BloguesHugo Prévost

Festina lente

C’est bien connu, le temps fuit. Mes excuses, d’ailleurs, pour avoir manqué la date de jeudi pour la publication de ce billet; ironiquement, j’ai manqué de temps…

Le temps fuit, donc, je ne vous apprends rien de nouveau. Il fuit parfois si vite qu’on a l’impression de pédaler dans l’avenir pour ensuite se rendre compte, bien tristement, que tout est à refaire le lendemain matin. Le phénomène est d’ailleurs commun à bon nombre de professions, y compris – vous l’aurez deviné – au journalisme. Ah, le journalisme et sa vitesse, son instantanéité, son absolutisme de la nouvelle-minute! Chaînes en continu, mais aussi Twitter et Facebook, ainsi que les fils RSS; nous sommes non seulement dans un océan d’informations, mais également constamment frappés par les déferlantes de mises à jour, de nouveaux articles, de flashs, de rumeurs… Cet innocent total de tweets non lus, cette page Facebook qui se remet automatiquement à jour, ce fil de presse que l’on rafraîchit, cette annonce de dernière heure à la télévision ou à la radio sont autant d’indices signifiant que, inexorablement, vous n’arriverez jamais à garder la tête hors de l’eau.

On fait donc le tri, forcément. Machinalement. On traite, on classe, on quantifie, on accorde un ordre d’importance, et, surtout, on élimine. On remet à demain, on garde en réserve, on attend le lead, la déclaration officielle, la réaction, ou le communiqué de presse.

Il est pourtant facile de s’y faire; c’est comme une drogue. Lorsque j’ai débuté à La Presse Canadienne, j’ai rapidement constaté l’importance des ressources ne se trouvant qu’à un clic de souris. Un univers d’informations en format texte, sans mise en page complexe, sans photos, sans bande sonore, sans images vidéo. Que de l’information brute, livrée instantanément des quatre coins de la province – et du monde !

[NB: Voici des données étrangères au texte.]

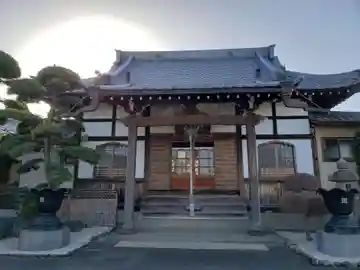 修行寺の本殿・本堂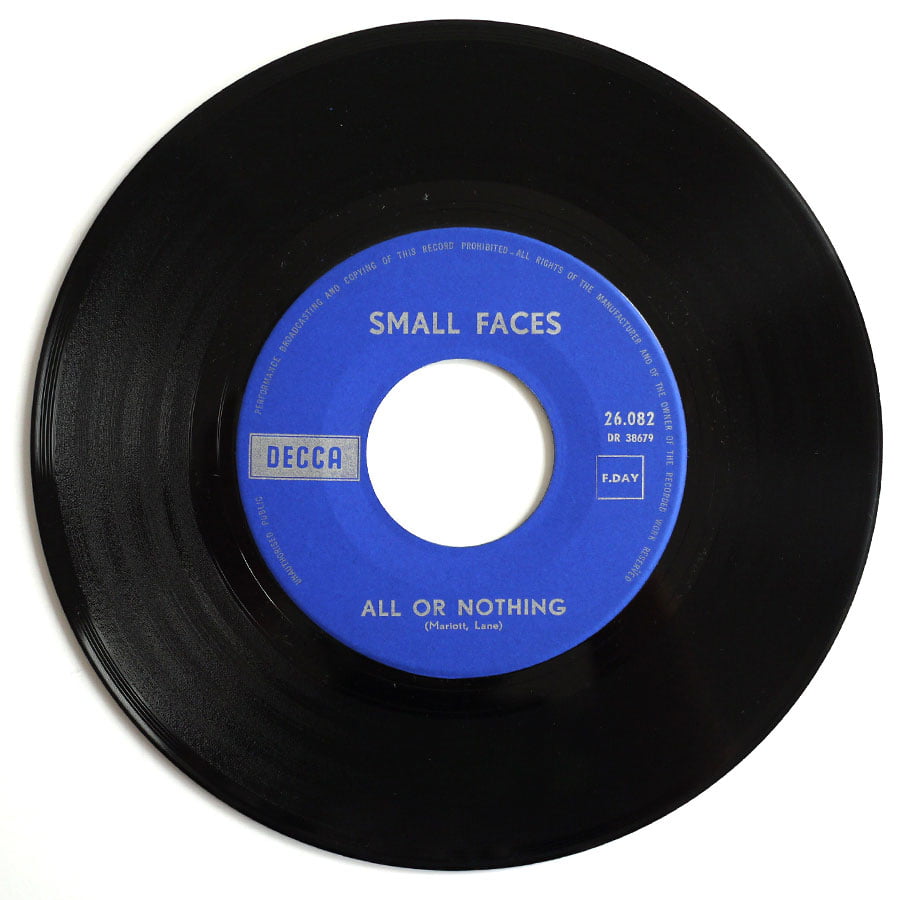 SMALL FACES - All Or Nothing - Image 4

Le sentiment est grisant : on clique sans arrêt, on lit, on s’instruit, on se délecte du labeur d’une véritable armée de journalistes sans jamais pouvoir s’arrêter. C’est l’équivalent de se jeter sur une boîte de chocolats; le réflexe est machinal, on aimerait bien y mettre fin, mais comment en trouver la force ?

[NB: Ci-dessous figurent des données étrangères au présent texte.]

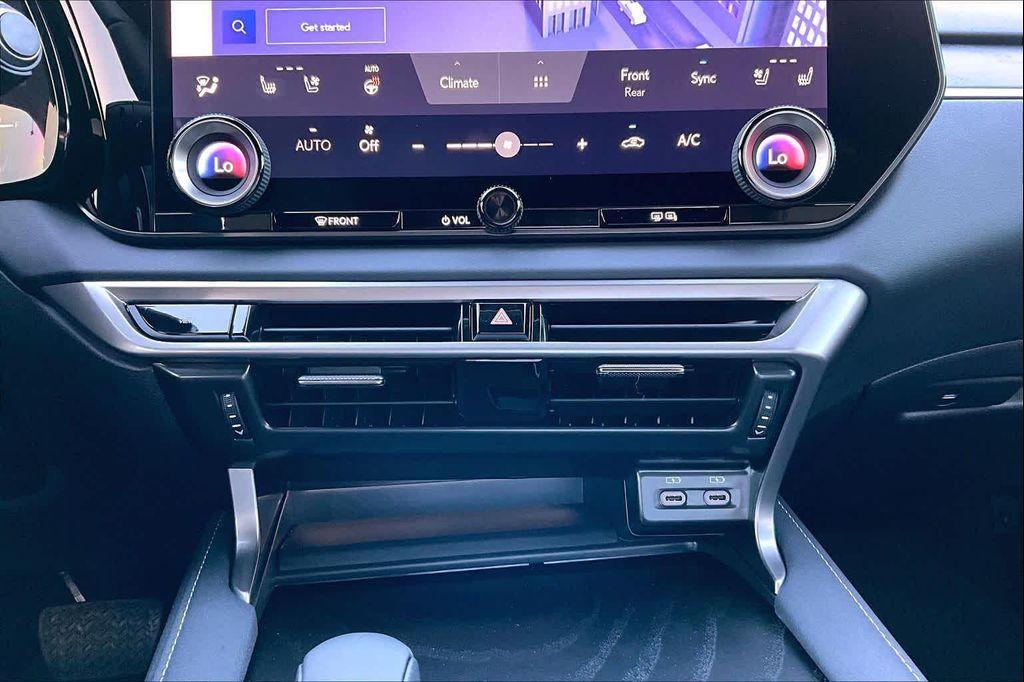 new 2026 Lexus RX 350 car, priced at $58,178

Et, pourtant, on finit par se rassasier. Peut-être parce que le navigateur est à bout de souffle avec tous ces onglets ouverts, peut-être parce notre structure de classement échappe à tout contrôle, peut-être parce qu’il faut bien travailler, après tout, ou, peut-être parce que, tout simplement, on n’a plus le temps.

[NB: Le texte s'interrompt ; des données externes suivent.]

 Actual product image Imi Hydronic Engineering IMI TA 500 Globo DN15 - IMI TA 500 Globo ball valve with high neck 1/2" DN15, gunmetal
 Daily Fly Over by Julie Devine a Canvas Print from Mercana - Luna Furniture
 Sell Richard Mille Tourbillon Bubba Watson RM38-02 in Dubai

Il s’agit là d’un autre dur constat contre lequel tout jeune journaliste devra se casser le nez, un jour ou l’autre : vous n’aurez jamais le temps de réaliser tout ce que vous voulez. Qu’il s’agisse d’entrevues, de couverture d’événement ou de toute autre tâche reliée au domaine, il faut éviter de vous fixer des objectifs trop importants, au risque de ne pas les atteindre. Vous manquerez forcément de temps au bout du compte.

La question du temps, souvent reliée – et avec raison – à l’immatérialité du journalisme, soulève également la question de la motivation. Acceptez-vous sciemment, en entamant un programme de formation en journalisme, ou en décidant de tenter votre chance au sein d’un média, d’occuper un poste à l’horaire changeant ? De devoir cumuler heures supplémentaires et trop longues journées pour fournir l’article, le topo, ou le reportage idéal ?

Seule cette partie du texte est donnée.